Step 2: Fetch Voucher Data

  1. Make a POST Request: Use a tool like cURL or a library like axios (JavaScript) or requests (Python) to query your API. For example:
    curl 'https://services.spaaza.com/segments/query/vouchers?from=0&size=20' \
    -X 'POST' \
    -H 'Content-Type: application/json' \
    -H 'session-key: YOUR_SESSION_KEY' \
    --data-binary '{
        "entity": "vouchers",
        "index": "vouchers",
        "chain_id": 1796,
        "rules": [
            {
                "field_name": "date_time_creation",
                "operator": "is_after_date",
                "start_date": "2024-01-01T00:05:00+01:00"
            }
        ]
    }'
    

    Exporting other objects from Spaaza works in a similar way. For example:

    • to export people (users) use: /segments/query/vouchers
    • to export wallet entries use: /segments/query/wallet-ledger
    • to export transactions use: /segments/query/transactions

    If you are using the Staging environment use https://services-test01.spaaza.com/..

  2. Response: Parse the JSON response to extract the relevant fields.

Step 3: Prepare Power BI Dataset

  1. Define the Dataset Schema: Decide on the structure of your Power BI dataset. For example:
    {
        "name": "VouchersDataset",
        "tables": [
            {
                "name": "Vouchers",
                "columns": [
                    { "name": "VoucherID", "dataType": "Int64" },
                    { "name": "Title", "dataType": "String" },
                    { "name": "Description", "dataType": "String" },
                    { "name": "CreationDate", "dataType": "DateTime" },
                    { "name": "ExpiryDate", "dataType": "DateTime" },
                    { "name": "Status", "dataType": "String" }
                ]
            }
        ]
    }
    
  2. Transform the Data: Map fields from your API response to the Power BI schema:
    • idVoucherID
    • titleTitle
    • descriptionDescription
    • date_time_creationCreationDate
    • date_time_expiryExpiryDate
    • statusStatus

Step 4: Push Data to Power BI

  1. Create a Dataset: If the dataset does not already exist in Power BI, use the Create Dataset API:
    POST https://api.powerbi.com/v1.0/myorg/datasets
    Authorization: Bearer YOUR_ACCESS_TOKEN
    Content-Type: application/json
    
    {
        "name": "VouchersDataset",
        "tables": [
            {
                "name": "Vouchers",
                "columns": [
                    { "name": "VoucherID", "dataType": "Int64" },
                    { "name": "Title", "dataType": "String" },
                    { "name": "Description", "dataType": "String" },
                    { "name": "CreationDate", "dataType": "DateTime" },
                    { "name": "ExpiryDate", "dataType": "DateTime" },
                    { "name": "Status", "dataType": "String" }
                ]
            }
        ]
    }
    
  2. Insert Rows into the Dataset: Push the transformed data to Power BI using the Add Rows API:
    POST https://api.powerbi.com/v1.0/myorg/datasets/{dataset_id}/tables/Vouchers/rows
    Authorization: Bearer YOUR_ACCESS_TOKEN
    Content-Type: application/json
    
    {
        "rows": [
            {
                "VoucherID": 3074801,
                "Title": "Kafe + Muffin me Çokollatë",
                "Description": "Shijoni kombinimin e përsosur...",
                "CreationDate": "2025-01-20T07:00:48+00:00",
                "ExpiryDate": "2025-01-23T07:00:48+00:00",
                "Status": "generated"
            }
        ]
    }
    

Step 5: Automate the Workflow

  1. Schedule Data Fetching:
    • Use a cron job, cloud scheduler, or a background worker to periodically fetch new vouchers from your API.
  2. Retry Mechanism:
    • Implement retries with exponential backoff to handle temporary API failures.
  3. Batch Processing:
    • Fetch vouchers in batches to stay within Power BI’s API limits.

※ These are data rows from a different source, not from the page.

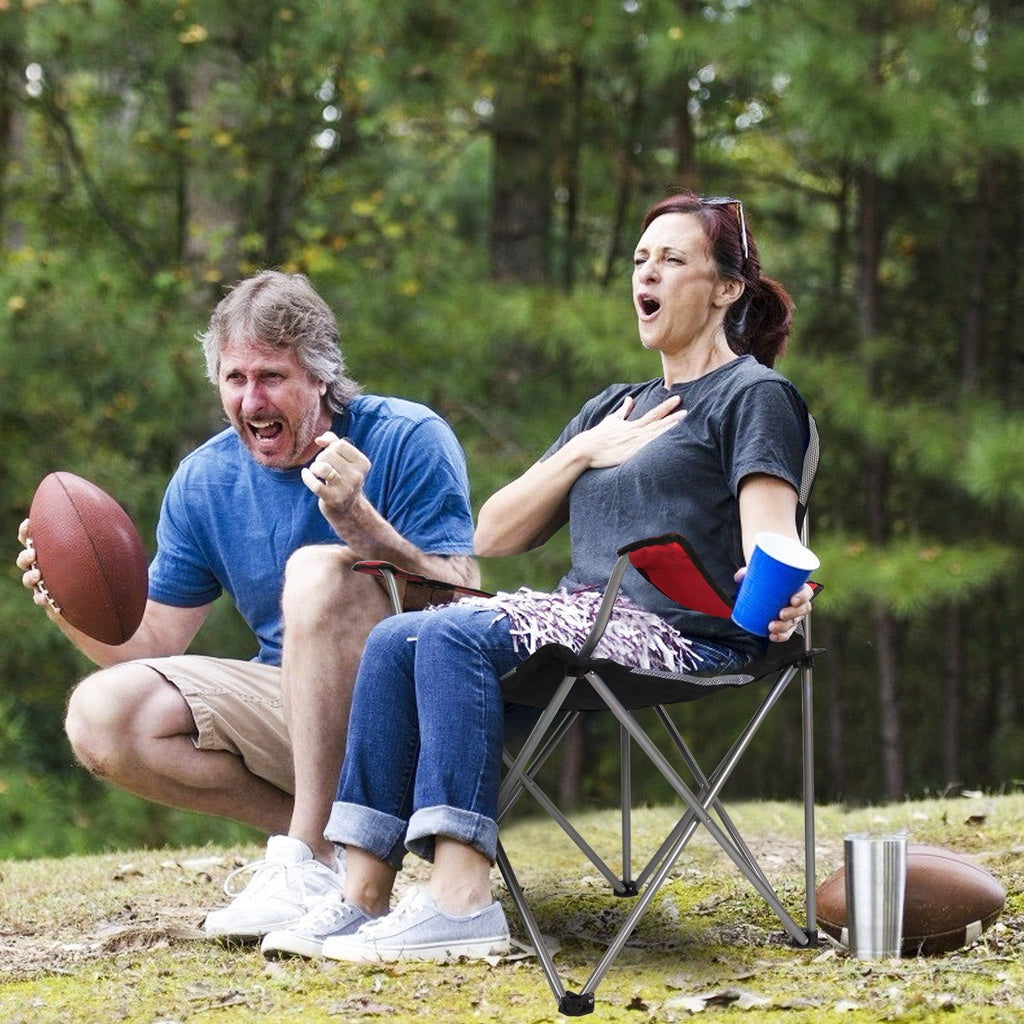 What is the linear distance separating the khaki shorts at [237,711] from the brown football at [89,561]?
14cm

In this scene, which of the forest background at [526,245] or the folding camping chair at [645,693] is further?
the forest background at [526,245]

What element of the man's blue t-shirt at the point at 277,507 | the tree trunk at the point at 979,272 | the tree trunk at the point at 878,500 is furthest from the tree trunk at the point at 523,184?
the man's blue t-shirt at the point at 277,507

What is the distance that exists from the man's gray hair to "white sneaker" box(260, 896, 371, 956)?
927mm

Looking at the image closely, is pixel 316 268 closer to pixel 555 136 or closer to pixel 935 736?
pixel 555 136

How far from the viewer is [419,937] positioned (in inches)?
88.1

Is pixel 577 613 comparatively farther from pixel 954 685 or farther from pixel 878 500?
pixel 954 685

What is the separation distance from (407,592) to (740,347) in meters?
0.71

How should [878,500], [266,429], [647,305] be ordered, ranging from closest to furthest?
1. [647,305]
2. [266,429]
3. [878,500]

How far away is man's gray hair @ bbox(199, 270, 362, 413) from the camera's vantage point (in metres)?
2.70

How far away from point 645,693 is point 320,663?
536 millimetres

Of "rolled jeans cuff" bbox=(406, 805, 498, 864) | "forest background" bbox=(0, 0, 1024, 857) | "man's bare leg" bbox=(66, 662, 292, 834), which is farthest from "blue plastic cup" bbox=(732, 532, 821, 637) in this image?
"forest background" bbox=(0, 0, 1024, 857)

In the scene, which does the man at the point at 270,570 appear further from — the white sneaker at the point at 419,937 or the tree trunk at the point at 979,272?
the tree trunk at the point at 979,272

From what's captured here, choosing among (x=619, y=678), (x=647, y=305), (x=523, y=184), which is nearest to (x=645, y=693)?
(x=619, y=678)

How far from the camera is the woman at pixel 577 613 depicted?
2236mm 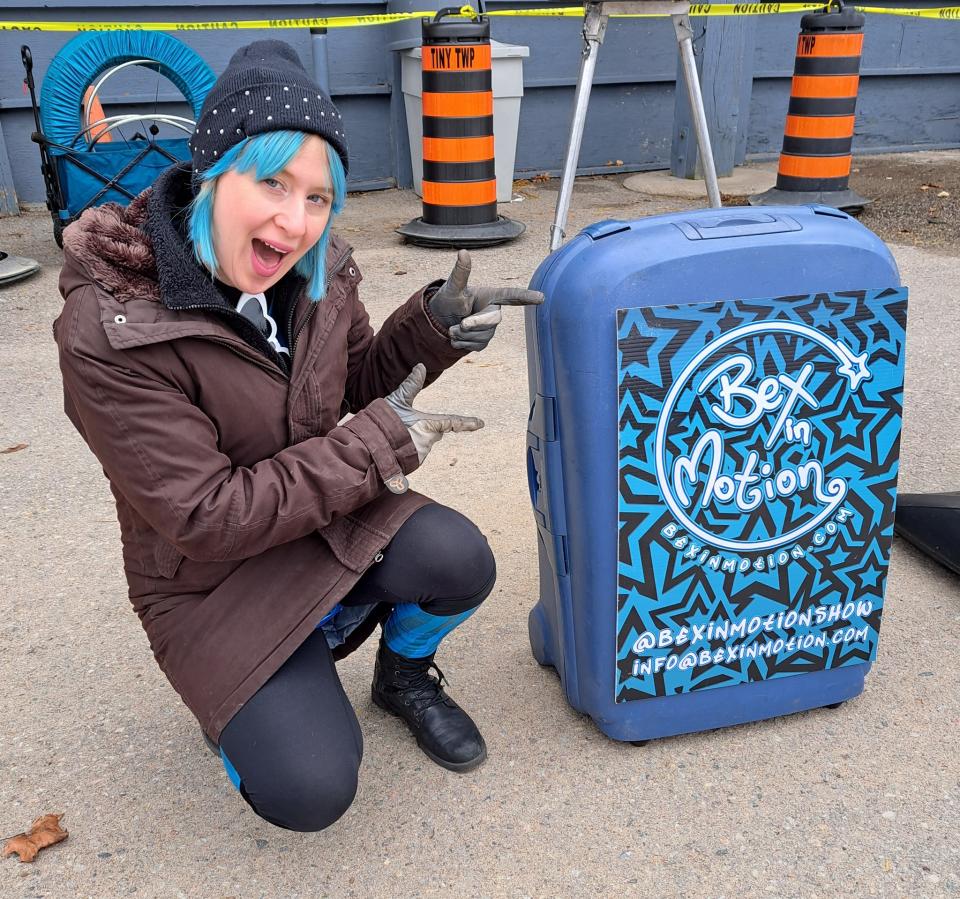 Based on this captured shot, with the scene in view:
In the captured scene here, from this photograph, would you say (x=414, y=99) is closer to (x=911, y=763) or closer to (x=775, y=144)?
(x=775, y=144)

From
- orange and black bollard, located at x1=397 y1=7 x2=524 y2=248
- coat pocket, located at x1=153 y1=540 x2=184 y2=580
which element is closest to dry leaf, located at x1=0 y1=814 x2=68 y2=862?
coat pocket, located at x1=153 y1=540 x2=184 y2=580

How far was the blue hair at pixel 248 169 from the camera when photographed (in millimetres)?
1521

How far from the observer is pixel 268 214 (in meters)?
1.57

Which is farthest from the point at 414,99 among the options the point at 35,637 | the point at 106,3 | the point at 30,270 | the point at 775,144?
the point at 35,637

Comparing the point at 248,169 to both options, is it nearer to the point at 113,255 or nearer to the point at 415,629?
the point at 113,255

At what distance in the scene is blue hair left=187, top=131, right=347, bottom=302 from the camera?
1521 mm

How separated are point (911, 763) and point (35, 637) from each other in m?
1.96

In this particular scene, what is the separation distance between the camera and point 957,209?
6.45 metres

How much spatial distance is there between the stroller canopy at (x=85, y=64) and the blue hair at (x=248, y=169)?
3742 millimetres

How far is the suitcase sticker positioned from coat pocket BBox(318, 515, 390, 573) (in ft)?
1.45

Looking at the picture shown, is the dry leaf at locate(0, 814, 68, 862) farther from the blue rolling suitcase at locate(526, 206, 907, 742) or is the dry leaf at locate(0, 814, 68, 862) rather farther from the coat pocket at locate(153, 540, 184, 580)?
the blue rolling suitcase at locate(526, 206, 907, 742)

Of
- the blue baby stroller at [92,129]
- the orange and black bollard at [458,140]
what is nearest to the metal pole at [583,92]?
the orange and black bollard at [458,140]

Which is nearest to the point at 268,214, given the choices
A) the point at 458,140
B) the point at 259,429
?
the point at 259,429

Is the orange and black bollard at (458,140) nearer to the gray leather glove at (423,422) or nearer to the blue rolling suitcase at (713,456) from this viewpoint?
the blue rolling suitcase at (713,456) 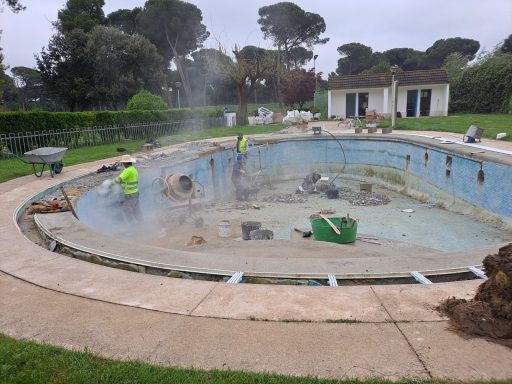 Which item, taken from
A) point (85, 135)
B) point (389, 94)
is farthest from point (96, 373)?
point (389, 94)

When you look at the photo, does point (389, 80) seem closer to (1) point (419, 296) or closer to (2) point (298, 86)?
(2) point (298, 86)

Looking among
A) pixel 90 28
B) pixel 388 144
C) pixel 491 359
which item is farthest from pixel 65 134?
pixel 90 28

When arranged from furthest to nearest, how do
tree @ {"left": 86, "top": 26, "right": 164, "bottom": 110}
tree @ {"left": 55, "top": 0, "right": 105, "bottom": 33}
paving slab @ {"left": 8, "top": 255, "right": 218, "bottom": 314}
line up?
tree @ {"left": 55, "top": 0, "right": 105, "bottom": 33}
tree @ {"left": 86, "top": 26, "right": 164, "bottom": 110}
paving slab @ {"left": 8, "top": 255, "right": 218, "bottom": 314}

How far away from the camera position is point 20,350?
318 centimetres

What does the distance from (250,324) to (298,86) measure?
1410 inches

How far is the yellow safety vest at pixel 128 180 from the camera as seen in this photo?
924 centimetres

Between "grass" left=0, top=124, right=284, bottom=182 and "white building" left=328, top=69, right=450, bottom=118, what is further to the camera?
"white building" left=328, top=69, right=450, bottom=118

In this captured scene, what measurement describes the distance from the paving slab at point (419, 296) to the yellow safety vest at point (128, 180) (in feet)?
21.9

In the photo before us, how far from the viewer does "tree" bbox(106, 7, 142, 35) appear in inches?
1706

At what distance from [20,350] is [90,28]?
131 feet

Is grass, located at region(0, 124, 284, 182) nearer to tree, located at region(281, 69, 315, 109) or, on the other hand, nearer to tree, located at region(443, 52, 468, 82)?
tree, located at region(281, 69, 315, 109)

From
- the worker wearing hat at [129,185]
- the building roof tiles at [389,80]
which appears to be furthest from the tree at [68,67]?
the worker wearing hat at [129,185]

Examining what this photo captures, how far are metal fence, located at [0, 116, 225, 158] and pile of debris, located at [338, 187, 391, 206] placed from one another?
12.3 metres

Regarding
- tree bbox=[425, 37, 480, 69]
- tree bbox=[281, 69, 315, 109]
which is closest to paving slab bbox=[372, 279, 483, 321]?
tree bbox=[281, 69, 315, 109] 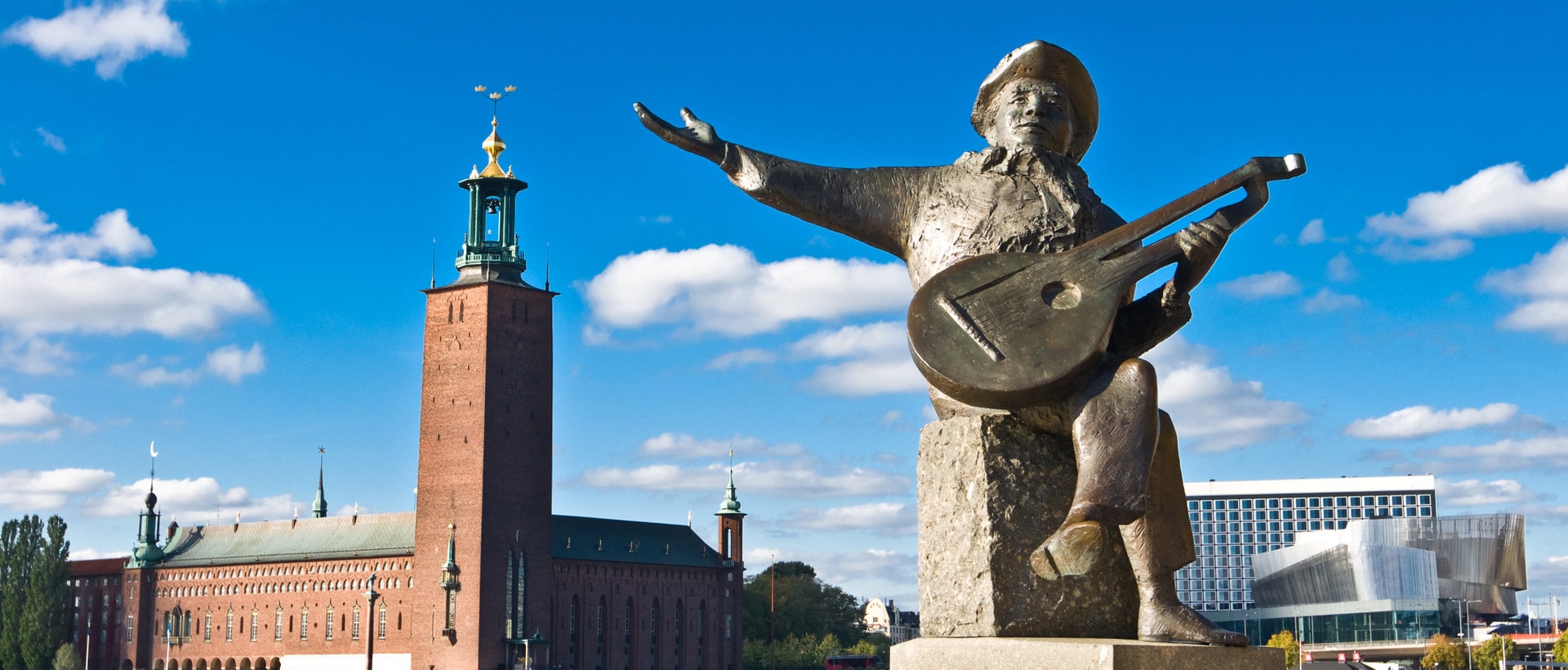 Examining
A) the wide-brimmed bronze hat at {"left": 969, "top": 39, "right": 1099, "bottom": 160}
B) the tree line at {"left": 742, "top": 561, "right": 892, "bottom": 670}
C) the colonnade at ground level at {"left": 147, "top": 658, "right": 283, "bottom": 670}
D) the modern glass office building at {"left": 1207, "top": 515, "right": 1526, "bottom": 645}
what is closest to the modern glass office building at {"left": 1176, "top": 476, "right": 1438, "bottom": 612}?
the modern glass office building at {"left": 1207, "top": 515, "right": 1526, "bottom": 645}

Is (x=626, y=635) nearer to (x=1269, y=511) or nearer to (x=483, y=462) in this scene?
(x=483, y=462)

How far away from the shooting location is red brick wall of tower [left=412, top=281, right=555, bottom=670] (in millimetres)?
78625

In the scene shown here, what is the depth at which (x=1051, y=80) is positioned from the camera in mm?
5641

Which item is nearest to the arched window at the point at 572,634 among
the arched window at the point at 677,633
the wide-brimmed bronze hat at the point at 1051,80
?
the arched window at the point at 677,633

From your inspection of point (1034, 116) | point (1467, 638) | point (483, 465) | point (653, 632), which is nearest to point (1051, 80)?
point (1034, 116)

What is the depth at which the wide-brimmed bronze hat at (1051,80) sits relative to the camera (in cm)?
560

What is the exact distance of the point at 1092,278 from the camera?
4910 millimetres

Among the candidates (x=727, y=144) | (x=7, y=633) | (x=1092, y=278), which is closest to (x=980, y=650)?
(x=1092, y=278)

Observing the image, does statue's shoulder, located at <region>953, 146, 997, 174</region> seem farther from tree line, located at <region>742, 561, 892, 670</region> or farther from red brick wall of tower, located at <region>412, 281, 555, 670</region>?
tree line, located at <region>742, 561, 892, 670</region>

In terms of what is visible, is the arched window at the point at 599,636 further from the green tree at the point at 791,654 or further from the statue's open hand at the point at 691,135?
the statue's open hand at the point at 691,135

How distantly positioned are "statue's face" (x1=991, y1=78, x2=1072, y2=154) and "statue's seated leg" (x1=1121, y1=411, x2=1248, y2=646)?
1.11 meters

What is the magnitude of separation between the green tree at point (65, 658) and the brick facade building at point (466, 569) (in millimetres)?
9104

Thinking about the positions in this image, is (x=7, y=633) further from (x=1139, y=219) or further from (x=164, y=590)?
(x=1139, y=219)

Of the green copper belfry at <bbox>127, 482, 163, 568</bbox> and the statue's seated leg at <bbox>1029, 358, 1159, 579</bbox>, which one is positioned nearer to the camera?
the statue's seated leg at <bbox>1029, 358, 1159, 579</bbox> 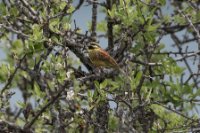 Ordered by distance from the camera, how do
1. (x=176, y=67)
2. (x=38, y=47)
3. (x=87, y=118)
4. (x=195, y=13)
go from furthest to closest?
(x=195, y=13)
(x=176, y=67)
(x=38, y=47)
(x=87, y=118)

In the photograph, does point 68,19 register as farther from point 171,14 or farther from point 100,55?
point 171,14

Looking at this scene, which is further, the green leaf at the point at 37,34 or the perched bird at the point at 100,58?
the perched bird at the point at 100,58

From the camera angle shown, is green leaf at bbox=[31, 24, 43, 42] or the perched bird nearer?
green leaf at bbox=[31, 24, 43, 42]

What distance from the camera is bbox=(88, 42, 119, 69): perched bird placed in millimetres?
7345

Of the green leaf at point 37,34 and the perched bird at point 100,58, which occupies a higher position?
the green leaf at point 37,34

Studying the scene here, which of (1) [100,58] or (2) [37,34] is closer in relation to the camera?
(2) [37,34]

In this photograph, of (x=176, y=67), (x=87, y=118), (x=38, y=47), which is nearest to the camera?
(x=87, y=118)

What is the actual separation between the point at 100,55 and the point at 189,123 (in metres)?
1.45

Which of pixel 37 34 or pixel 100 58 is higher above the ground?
pixel 37 34

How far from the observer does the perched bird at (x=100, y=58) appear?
7.35 metres

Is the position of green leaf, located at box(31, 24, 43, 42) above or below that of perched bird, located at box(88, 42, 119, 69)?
above

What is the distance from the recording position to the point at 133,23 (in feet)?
25.5

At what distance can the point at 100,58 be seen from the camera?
24.4ft

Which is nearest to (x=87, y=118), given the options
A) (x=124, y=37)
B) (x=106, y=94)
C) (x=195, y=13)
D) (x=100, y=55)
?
(x=106, y=94) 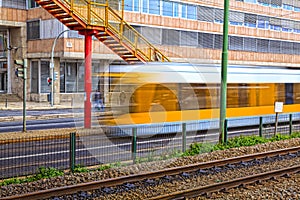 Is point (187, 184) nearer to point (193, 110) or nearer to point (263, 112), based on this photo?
point (193, 110)

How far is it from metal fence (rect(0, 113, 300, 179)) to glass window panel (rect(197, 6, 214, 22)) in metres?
32.2

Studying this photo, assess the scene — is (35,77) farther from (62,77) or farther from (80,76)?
(80,76)

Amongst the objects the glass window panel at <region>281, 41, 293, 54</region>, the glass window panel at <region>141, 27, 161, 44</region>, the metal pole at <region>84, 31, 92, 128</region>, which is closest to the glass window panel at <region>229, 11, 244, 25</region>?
the glass window panel at <region>281, 41, 293, 54</region>

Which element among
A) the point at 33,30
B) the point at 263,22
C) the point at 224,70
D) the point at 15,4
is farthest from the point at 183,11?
the point at 224,70

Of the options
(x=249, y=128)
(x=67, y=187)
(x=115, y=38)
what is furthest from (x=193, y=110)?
(x=67, y=187)

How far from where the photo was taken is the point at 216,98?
18500 mm

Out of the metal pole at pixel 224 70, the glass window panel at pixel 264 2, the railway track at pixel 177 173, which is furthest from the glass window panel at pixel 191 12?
the railway track at pixel 177 173

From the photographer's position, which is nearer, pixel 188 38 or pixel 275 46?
pixel 188 38

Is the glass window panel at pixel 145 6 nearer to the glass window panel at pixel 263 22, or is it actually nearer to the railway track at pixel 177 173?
the glass window panel at pixel 263 22

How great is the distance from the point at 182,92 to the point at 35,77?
1208 inches

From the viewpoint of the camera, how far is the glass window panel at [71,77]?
44.4 metres

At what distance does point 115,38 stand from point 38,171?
37.3ft

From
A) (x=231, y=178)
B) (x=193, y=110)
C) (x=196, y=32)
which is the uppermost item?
(x=196, y=32)

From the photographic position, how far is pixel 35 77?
44.9m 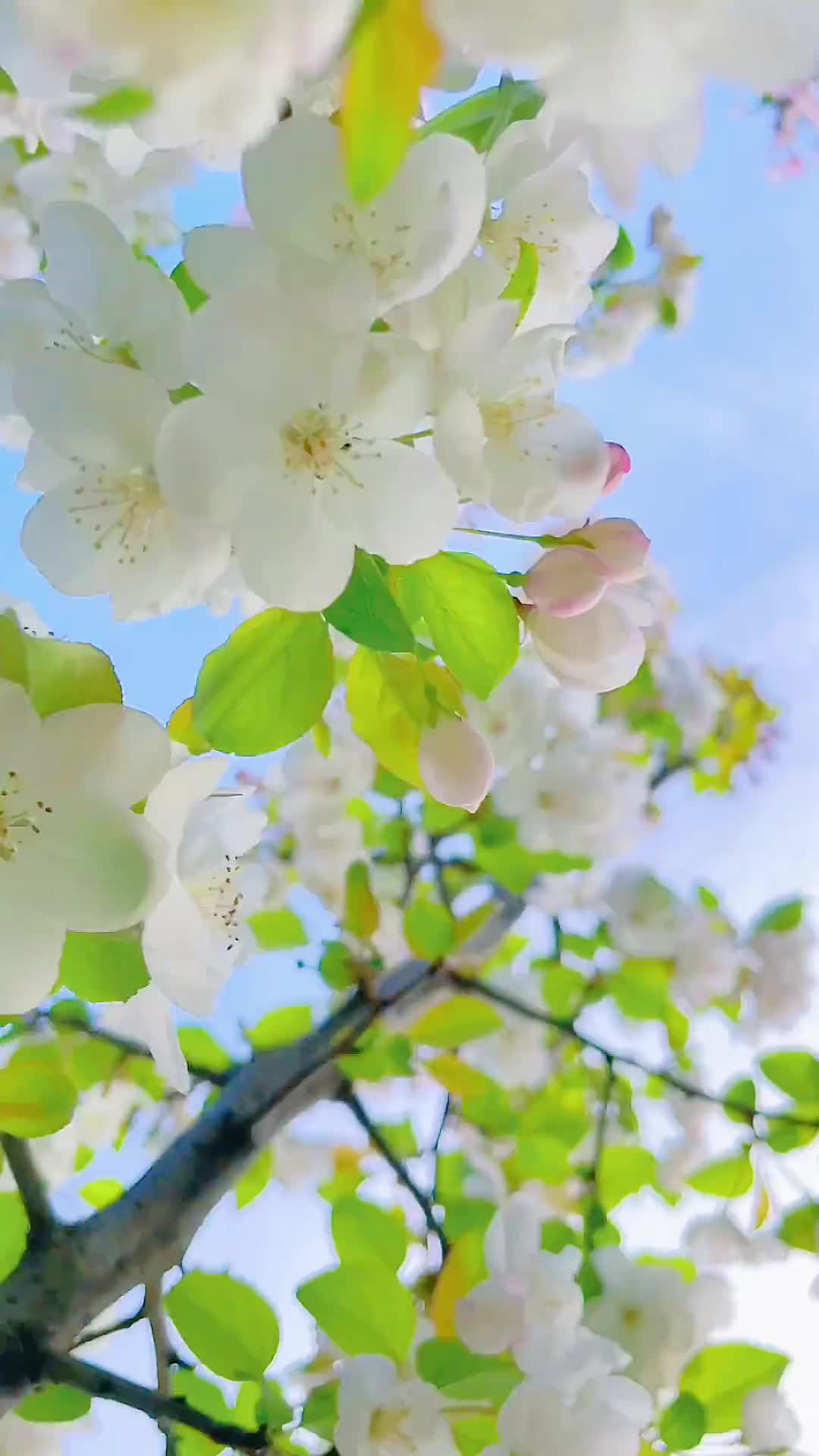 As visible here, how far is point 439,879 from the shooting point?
3.89 feet

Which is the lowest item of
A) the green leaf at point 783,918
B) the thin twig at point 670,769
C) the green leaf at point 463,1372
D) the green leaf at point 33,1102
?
the green leaf at point 33,1102

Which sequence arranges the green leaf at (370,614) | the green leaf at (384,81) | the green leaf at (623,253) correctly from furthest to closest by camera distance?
1. the green leaf at (623,253)
2. the green leaf at (370,614)
3. the green leaf at (384,81)

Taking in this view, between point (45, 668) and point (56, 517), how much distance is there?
76 mm

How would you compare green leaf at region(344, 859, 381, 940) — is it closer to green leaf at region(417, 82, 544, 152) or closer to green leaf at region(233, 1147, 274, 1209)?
green leaf at region(233, 1147, 274, 1209)

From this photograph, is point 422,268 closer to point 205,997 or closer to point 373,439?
point 373,439

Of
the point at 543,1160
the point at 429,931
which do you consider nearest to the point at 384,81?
the point at 429,931

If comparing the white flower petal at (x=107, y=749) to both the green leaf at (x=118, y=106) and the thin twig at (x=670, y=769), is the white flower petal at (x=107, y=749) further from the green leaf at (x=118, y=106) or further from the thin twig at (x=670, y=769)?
the thin twig at (x=670, y=769)

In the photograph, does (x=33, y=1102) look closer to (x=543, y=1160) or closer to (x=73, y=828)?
(x=73, y=828)

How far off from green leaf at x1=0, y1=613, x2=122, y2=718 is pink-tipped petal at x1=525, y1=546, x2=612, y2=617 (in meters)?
0.19

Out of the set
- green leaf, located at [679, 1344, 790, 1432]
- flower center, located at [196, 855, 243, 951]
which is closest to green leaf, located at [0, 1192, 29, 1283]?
flower center, located at [196, 855, 243, 951]

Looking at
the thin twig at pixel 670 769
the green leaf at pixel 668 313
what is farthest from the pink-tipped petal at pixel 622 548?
the green leaf at pixel 668 313

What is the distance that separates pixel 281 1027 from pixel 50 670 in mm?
756

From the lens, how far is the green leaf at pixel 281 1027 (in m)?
1.06

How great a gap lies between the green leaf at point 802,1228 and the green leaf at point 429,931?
1.41 feet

Step 6: Visualize the Data

  1. Log in to Power BI and create a new dashboard.
  2. Select your VouchersDataset and build visualizations such as:
    • A table to list vouchers.
    • A timeline to display voucher creation dates.
    • Aggregated metrics, e.g., total vouchers by status.

This approach ensures seamless integration between Spaaza and Power BI for real-time reporting and analysis. A similar approach can also be followed to fetch and send data to other BI and analytics tools.